### Exercise:
Nothing but the pictures is dropped; write out all the remaining data below exactly.
Top of Data below
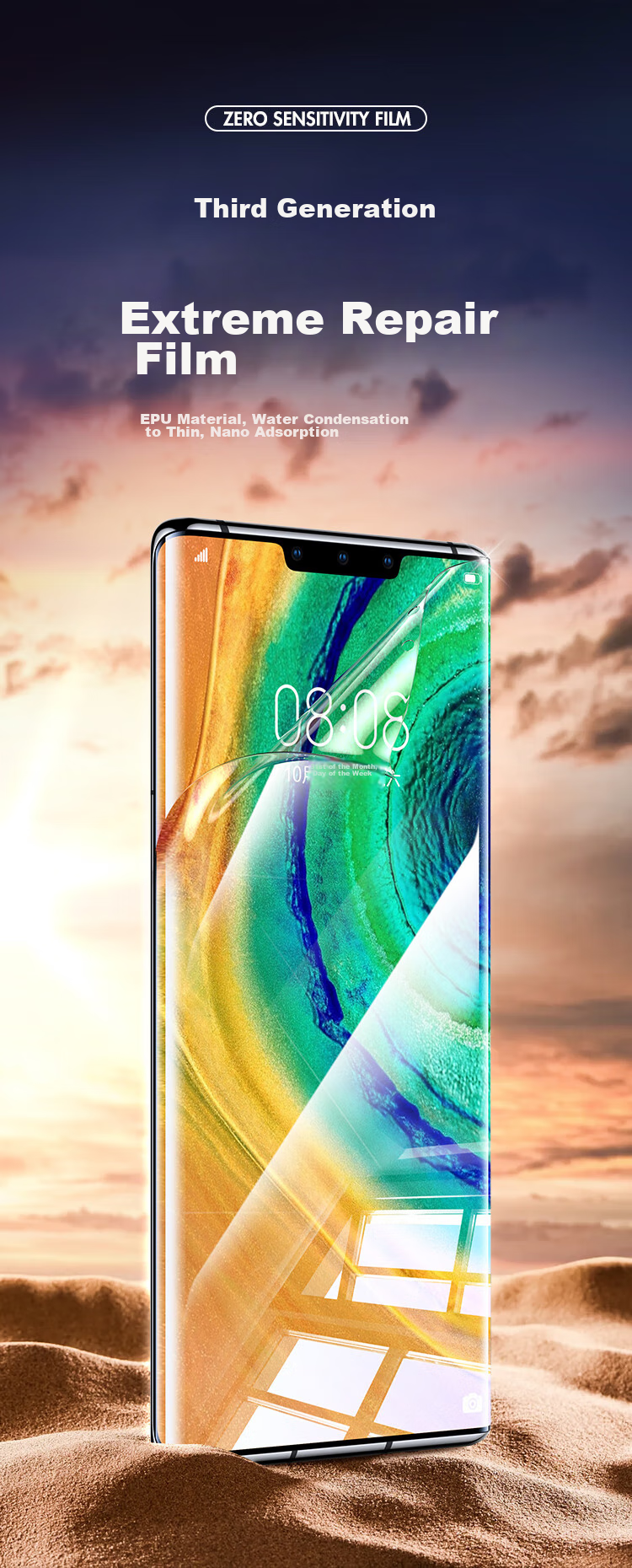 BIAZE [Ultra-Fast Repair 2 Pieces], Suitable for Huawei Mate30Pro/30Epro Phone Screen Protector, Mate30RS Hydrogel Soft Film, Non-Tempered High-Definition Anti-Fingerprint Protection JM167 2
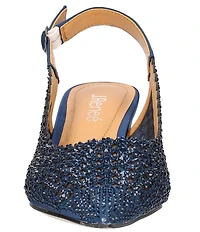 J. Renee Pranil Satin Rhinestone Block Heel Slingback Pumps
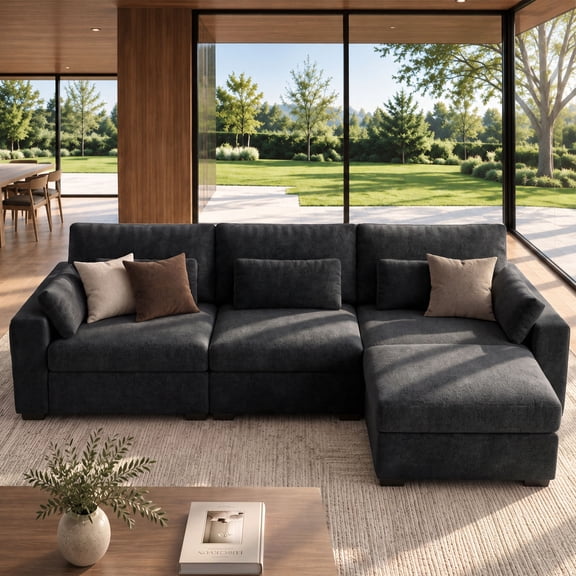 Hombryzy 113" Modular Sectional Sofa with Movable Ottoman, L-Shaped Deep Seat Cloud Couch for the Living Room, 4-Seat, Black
Bottom of Data below
### Result of this exercise:
 BIAZE [Ultra-Fast Repair 2 Pieces], Suitable for Huawei Mate30Pro/30Epro Phone Screen Protector, Mate30RS Hydrogel Soft Film, Non-Tempered High-Definition Anti-Fingerprint Protection JM167 2
 J. Renee Pranil Satin Rhinestone Block Heel Slingback Pumps
 Hombryzy 113" Modular Sectional Sofa with Movable Ottoman, L-Shaped Deep Seat Cloud Couch for the Living Room, 4-Seat, Black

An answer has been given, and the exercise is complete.